Because these types flow through the program, we can specify that a particular method always returns a SafeSqlString, or assumes that its arguments are SafeSqlStrings, or assumes that some private variable is always safe, and enforce this statically instead of by convention. This is important, because it allows us to use AssumeSafe() at a point where it's obvious that the string is safe, as opposed to five calls up the call stack where we really have no idea who else might be calling us.

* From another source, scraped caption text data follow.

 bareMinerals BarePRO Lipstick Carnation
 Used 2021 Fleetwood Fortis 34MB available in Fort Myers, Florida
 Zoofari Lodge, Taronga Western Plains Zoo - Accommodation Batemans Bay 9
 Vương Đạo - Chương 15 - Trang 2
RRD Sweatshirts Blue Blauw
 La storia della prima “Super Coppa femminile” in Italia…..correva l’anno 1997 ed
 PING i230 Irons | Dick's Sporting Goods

What else can we encode in types? All sorts of things! Here are some more examples:

  • We could have a type PositiveInt for positive integers, which will throw a runtime error if constructed with a nonpositive integer. Now, if a method receives a PositiveInt, it can safely pass it on to another method expecting a positive integer without any additional runtime checks. This trick works with any object where you want to enforce a complex runtime property on an object but only want to check it once (or only when it might change). In unmanaged code, it's particularly useful for checking buffer/string lengths.

  • Some binary tree algorithms require that every node has zero or two children, never one. We can represent this using a subclass hierarchy, where the abstract base class is TreeNode and the subclasses are Leaf and InternalNode. Leaf contains no data at all, while InternalNode contains a piece of data and two (non-null) references to TreeNodes.

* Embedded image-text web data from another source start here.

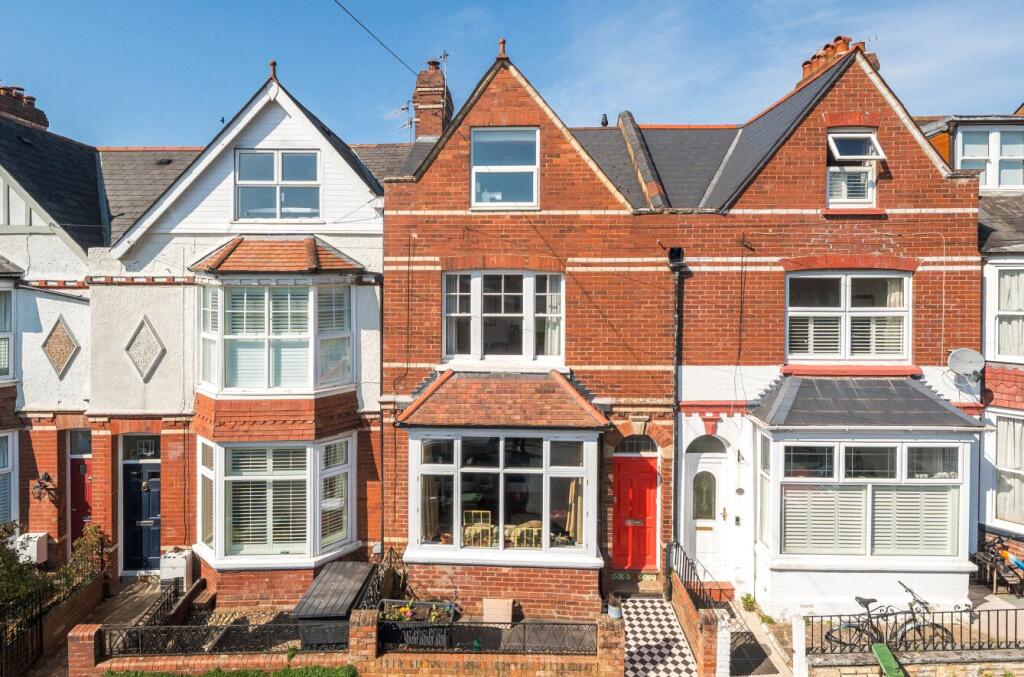 Main image of property: St. Leonards, Exeter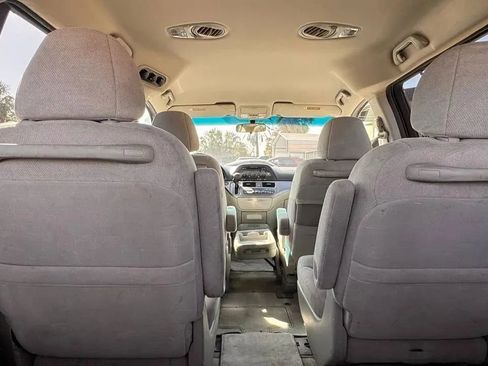 Used 2007 Honda Odyssey EX image 10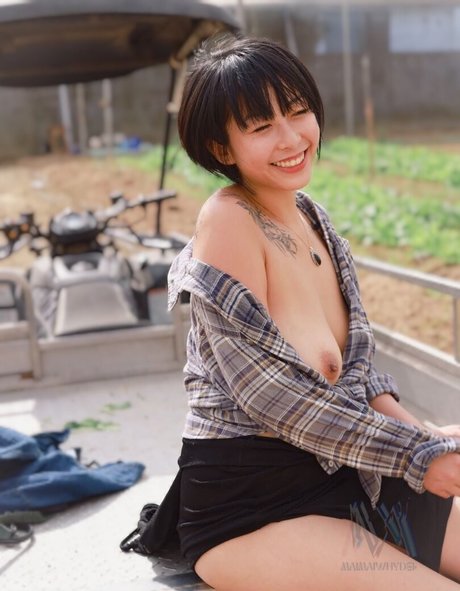 Maimaiwhyder xxx女優 写真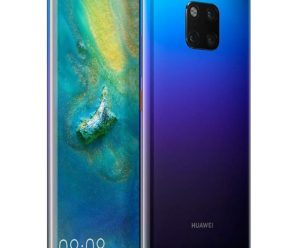 Huawei Mate 20 Pro price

  • There are many other properties of data structures that can be encoded in types. For example, in a red-black tree, red nodes cannot have red children. We can enforce this statically by creating a subclass hierarchy where BlackNode objects contain references to the abstract base class Node, while RedNode objects contain only references to BlackNode objects. Similarly, the root must be black, so we just use a BlackNode reference for the root.

  • If you're writing a sorting algorithm, it might not be clear that the array you get back contains a rearrangement of the same elements as the array you passed in. There's no quick way to check this, even at runtime. On the other hand, if instead of an array you pass in an object whose only valid non-read-only operation is to exchange two elements, then this becomes statically obvious.

In short, wherever you find yourself wanting to keep track of a static property as it flows through a program, types are a great way of doing so - use them to catch errors sooner.

In programming languages with more sophisticated type systems, you can encode even more information in types. Taking this to the extreme are dependent types, a relatively new system of types based on values that are extremely difficult to typecheck but so powerful that they can express many correctness properties of real programs. A number of research languages such as Dependent ML and Epigram already implement dependent types. With the power of systems like these, maybe in a few years the primitive C-based type systems of C# and C++ will look a lot like assembly language does now. But before we can take advantage of new technology, let's start making better use of what we have - encode your program's properties using types.